Indonesia telah meraih kemenangan yang monumental di Organisasi Perdagangan Dunia (WTO) dengan menanggulangi kebijakan diskriminatif Uni Eropa terhadap minyak kelapa sawit. Perdebatan ini dimulai dari regulasi Renewable Energy Directive II (RED II) dan Delegated Act, yang menetapkan minyak kelapa sawit sebagai komoditas berisiko tinggi terhadap alih fungsi lahan (high ILUC-risk). Hal ini menyebabkan pembatasan penggunaan minyak sawit dalam biofuel Eropa, dengan target penghentian total pada tahun 2030. Namun, minyak nabati lain seperti bunga matahari dan rapeseed tidak dikenai pembatasan serupa, meskipun dampaknya terhadap lingkungan tak kalah signifikan.
Sebagai produsen minyak kelapa sawit terbesar di dunia, Indonesia tidak tinggal diam. Pada Desember 2019, Indonesia membawa permasalahan ini ke WTO, menuduh bahwa kebijakan Uni Eropa melanggar prinsip perdagangan bebas dan non-diskriminasi. Setelah mempertimbangkan bukti dan argumen hukum, panel WTO menetapkan pada Januari 2025 bahwa kebijakan tersebut tidak hanya bersifat diskriminatif tetapi juga tidak didukung oleh bukti ilmiah yang memadai.

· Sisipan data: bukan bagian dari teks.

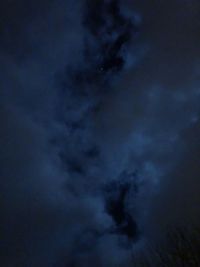 Low angle view of sky at night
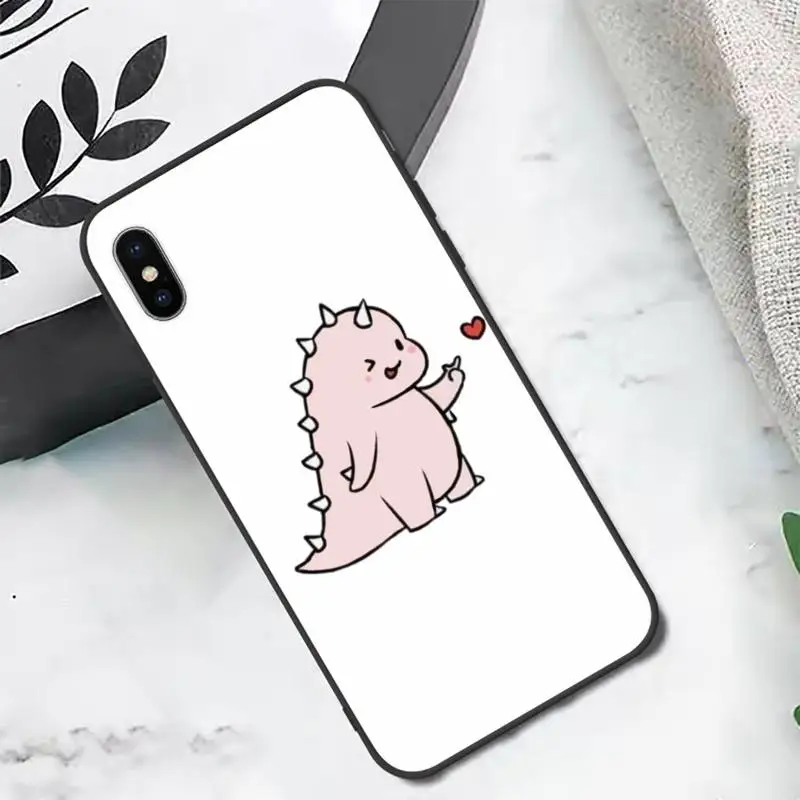

Cute Dinosaur Baby Fashion Phone Case Candy Color for iPhone 6 7 8 11 12 s mini pro X XS XR MAX Plus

Keputusan WTO ini mendorong Uni Eropa untuk mencabut regulasi yang dianggap tidak adil, memberikan kesempatan bagi Indonesia untuk bersaing dengan adil di pasar global.
Kemenangan ini membawa dampak strategis yang luas bagi Indonesia. Dengan pembukaan kembali akses pasar ke Eropa, minyak kelapa sawit Indonesia memiliki peluang besar untuk meningkatkan ekspor. Hal ini juga membawa kelegaan bagi jutaan petani dan pelaku industri yang sebelumnya terkekang oleh regulasi yang tidak adil. Di samping itu, kemenangan ini menegaskan kemampuan diplomasi perdagangan Indonesia, menunjukkan bahwa argumen berbasis data, bukti ilmiah, dan hukum internasional dapat melindungi kepentingan nasional di forum global.